31st January 2007 Print
Leading fund management group, F&C Investments, has today reported its full-year business flow figures for 2006, revealing a 98% increase in net sales of UK retail open ended funds over the previous year.

This compares to an industry wide increase of 87.5% in net retail fund sales according to data released on Monday by the Investment Management Association. During 2006 F&C saw net sales of UK open-ended funds of £309 million compared to £156 million in 2005.

F&C points out that its own industry beating net sales growth was delivered across a broad range of products and without the presence of an open-ended property fund in its retail fund range. Property funds were among the best selling retail funds during 2006, with net retail sales posting a staggering 568% increase from £539 million in 2005 to £3.6 billion.

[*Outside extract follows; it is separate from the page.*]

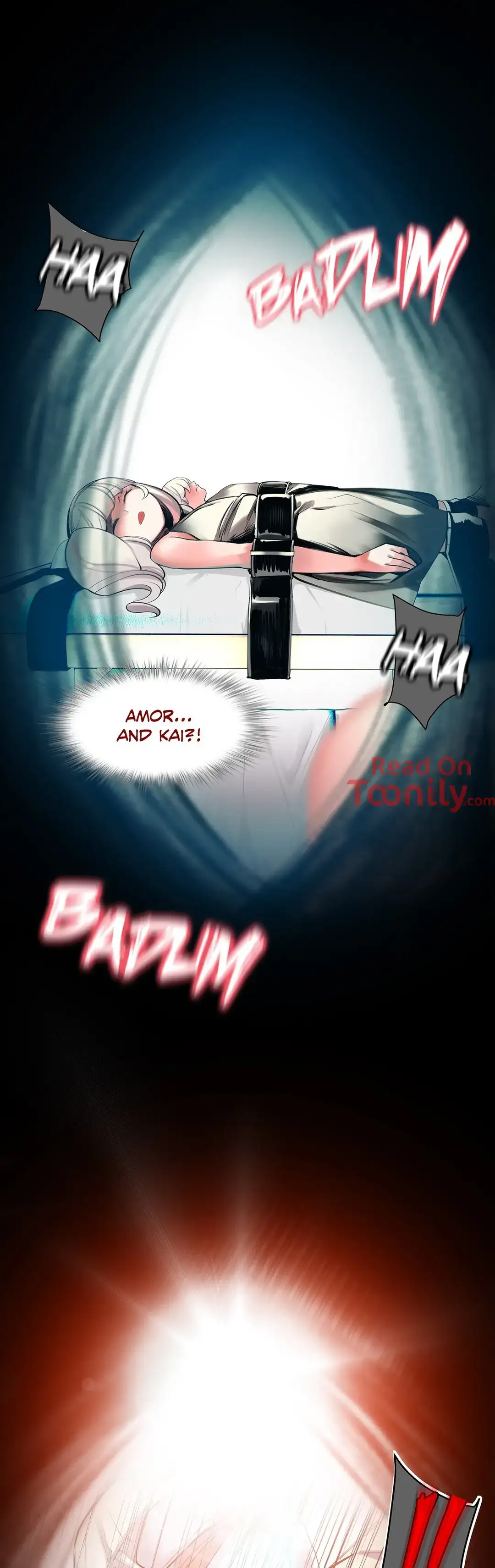Lilith’s Cord chapter 70 page 19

Nick Criticos , Head of Retail at F&C Investments, commented: "Retail fund groups often rely on one star product to generate a significant proportion of their sales which naturally carries risks but pleasingly we have seen strong flows across our UK equities, ethical, multi-manager and corporate bond funds. This is a solid platform for further growth. Furthermore, new business has been buoyed by strong investment performance with 36% of our actively managed retail funds finishing 2006 in the top quartile of their sectors and 63% above their sector medians."

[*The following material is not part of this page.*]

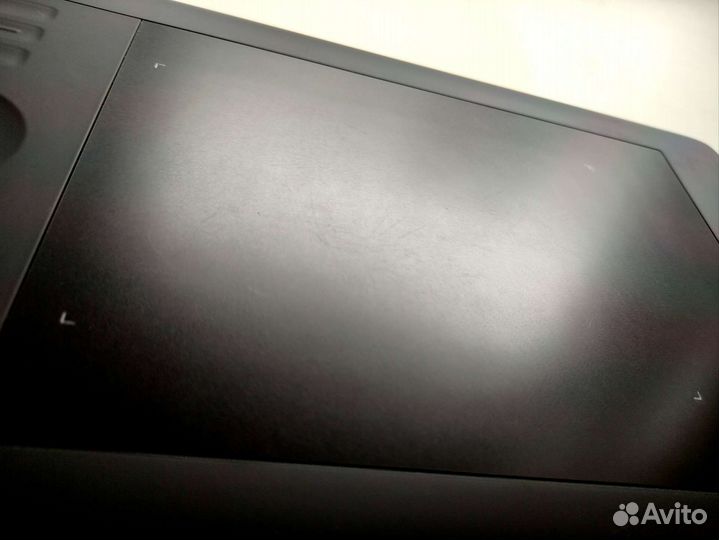 Графический планшет wacom intuos 5 s touch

"By all accounts 2006 was a good year for the UK retail investment industry with strong fund flows underpinned by buoyant markets. Although shares experienced a sharp sell-off in May, investors took this in their stride, with the fourth quarter remaining solid for us. This is a sure sign of much improved investor confidence which should bode well for the first quarter of 2007."

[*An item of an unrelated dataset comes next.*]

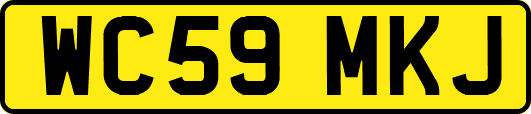 WC59MKJ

"We believe that equity markets, supported by high levels of global liquidity and ongoing M& A activity, will remain positive through the first quarter which should in turn help sustain this trend. However, the main uncertainty with regards to this scenario is whether recent interest rate rises – and fears of more to come - prompt the public to re-focus on paying down debt or favour deposits over stocks and shares ISAs."

"Although 2006 saw overall net retail fund sales at a six year high, the picture is more confusing in the ISA segment. Industry net ISA sales were slightly negative in November and the latest crop of data from the IMA indicates that net ISA sales in December, while positive, were lower than the same month in 2005."

"We believe that the Chancellor should seize the opportunity to boost confidence in this important part of the savings market at his next Budget by raising the allowance from £7,000 to at least £10,000."